At Home Insurance Help, we are able to help people with criminal convictions get buildings and contents insurance. However a question we are frequently asked is “how long is this going to stop me getting normal home insurance with a mainstream insurer”?
Cathy Luzmore, senior home insurance specialist at Home Insurance Help, explained how long criminal convictions will impact on your ability to get cover. “Under the Rehabilitation of Offenders Act, most convictions become ‘spent’ after a certain period of time. Unfortunately until such as time as your criminal conviction becomes spent, most insurers will not consider you for home insurance. However our insurers specialise in cases just like this.”
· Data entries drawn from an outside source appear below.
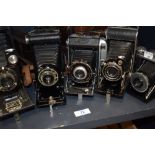 Five folding cameras. A Kodak No1A Autograph Jr, Kodak Folding Brownie Six-20, an Ensign Prontor, an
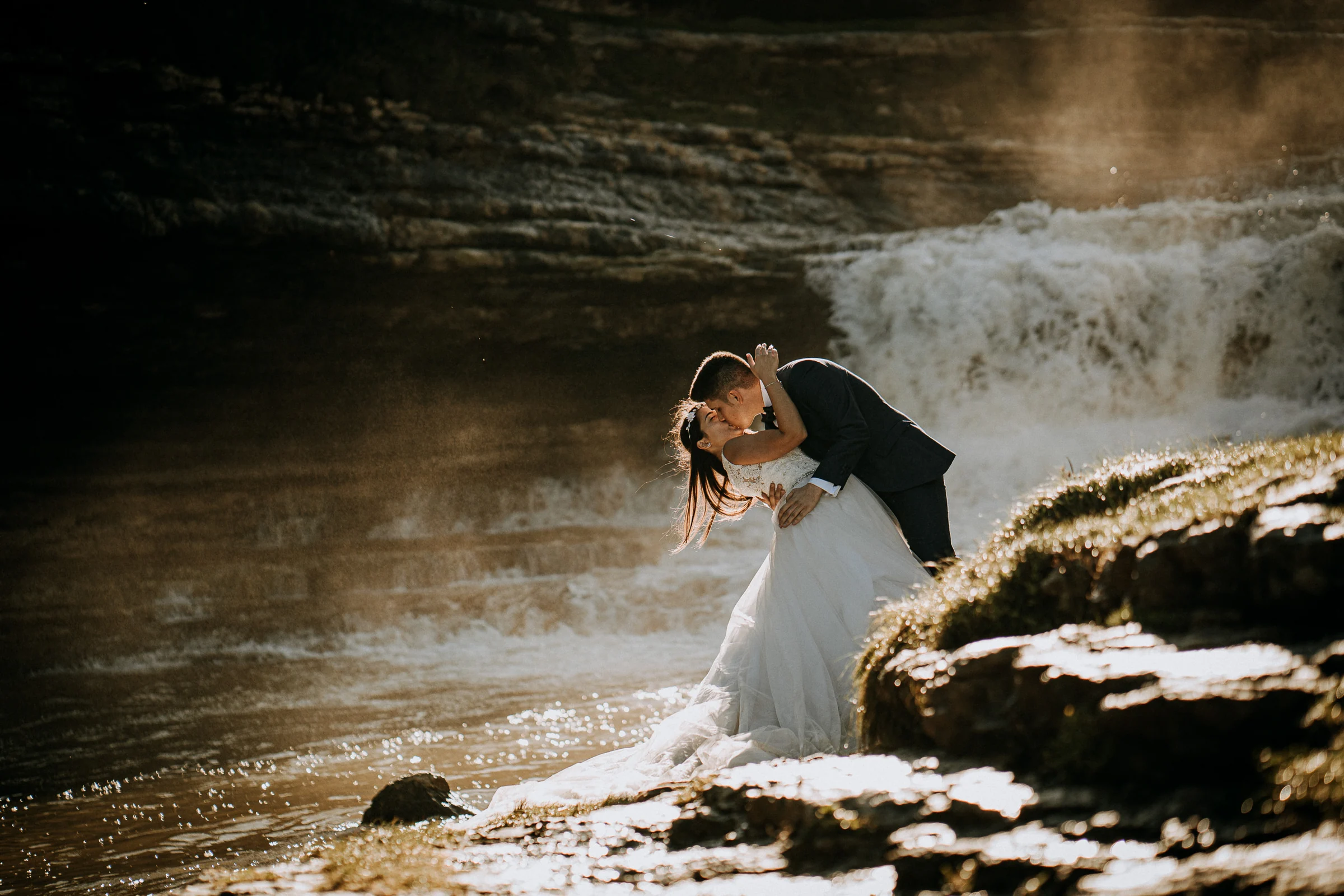 Beso de la pareja en una pose inclinada junto a la cascada durante una sesión de postboda en El Molino, cerca de Llanes, Asturias.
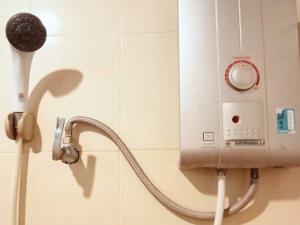 una ducha con una manguera conectada a un cabezal de ducha en Bank Guesthouse, en Haad Rin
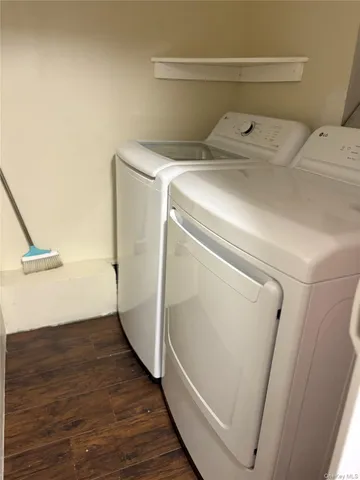 a view of a closet with wooden floor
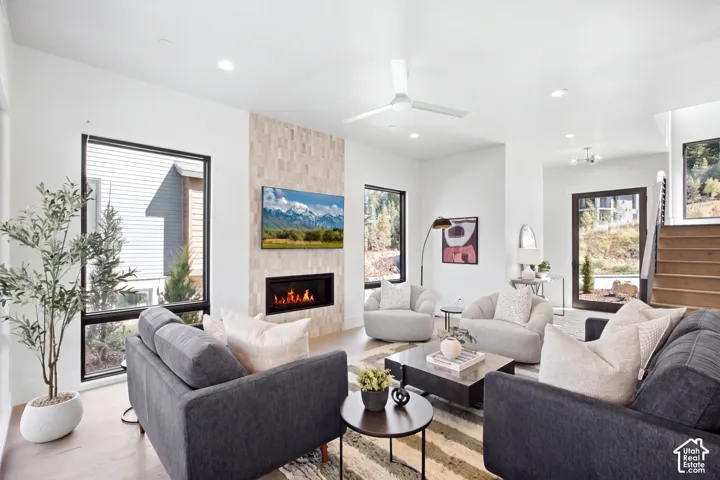 Open-concept living space featuring wood-finish flooring, a contemporary fireplace with a tiled surround, recessed lighting, and a modern ceiling fan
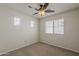 Bedroom with carpet flooring, ceiling fan, and two bright windows at 2144 W Barwick Dr, Phoenix, AZ 85085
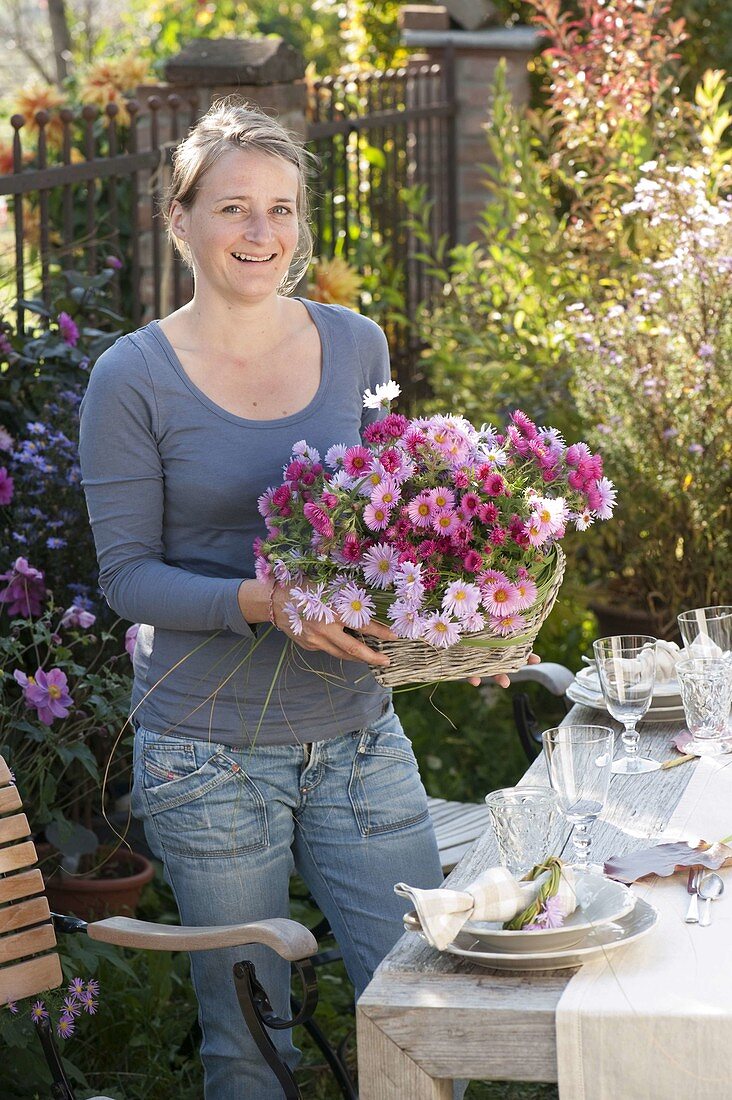 Autumn table decoration with asters and pears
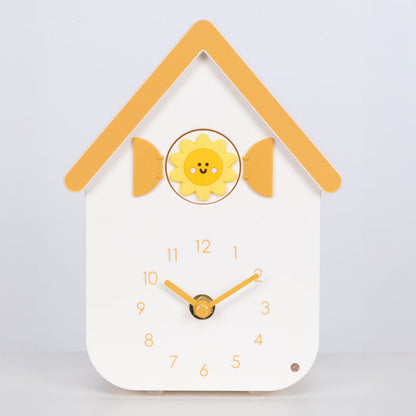 Head on image of W70063, a white house shaped clock with a smiley sun cuckoo with yellow numbers, shutters, roof, and hands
Most criminal convictions become ‘spent’ after 5 years, although if the conviction is a prison sentence of more than 2½ years (no matter how much time you actually served in prison), then unfortunately the conviction never becomes spent. This means that in such circumstances you may need to stay insured with a specialist home insurance policy for the foreseeable future.
The length of time before a conviction becomes spent (and therefore before you can get standard home insurance) depends on the actual sentence given. For more minor convictions, if you, or someone who lives with you, received just a fine, compensation order, probation or community service, then the conviction becomes spent after 5 years (2½ years if you were 17 or under when found guilty).
If you got an absolute discharge, then the conviction is spent after just 6 months. However if your conviction is not spent, you must still declare any criminal conviction to your existing home insurance company. If you don’t declare your criminal conviction and you were to make a claim, then your home insurance policy may be voided and they won’t pay your claim. Then, not only do you have a criminal conviction to declare to your next insurer, but also a cancelled or voided policy!
For prison sentences of 6 months or less, then it becomes spent after 7 years, or for prison sentences between 6 months and 2 ½ years, they become spent after 10 years. If the person who is given the conviction was 17 or under when found guilty, then the amount of time it takes before the conviction becomes spent is halved.
However even if it is not you who has the criminal conviction, as the home insurance policy holder, you must still declare it to your insurance provider. The usual question wording that insurers use is “Do you, or anyone living with you, have a criminal conviction?” If you live with someone at the same property address, and they have a criminal conviction, it is going to impact on your home insurance.
So at a time when you’ve got enough other stuff going on, the last thing you want to be worrying about is your home insurance. All is not lost, as that is where we come in.
Charleigh Cooper at Home Insurance Help explains “We do have specialist insurers who will normally accept people who have a criminal conviction, or who live with people with a criminal conviction, for buildings insurance and contents insurance. We also ensure that when your home insurance is due for its annual renewal, we check to see if your conviction has become spent, and if so, we will look around for cheaper home insurance for you.”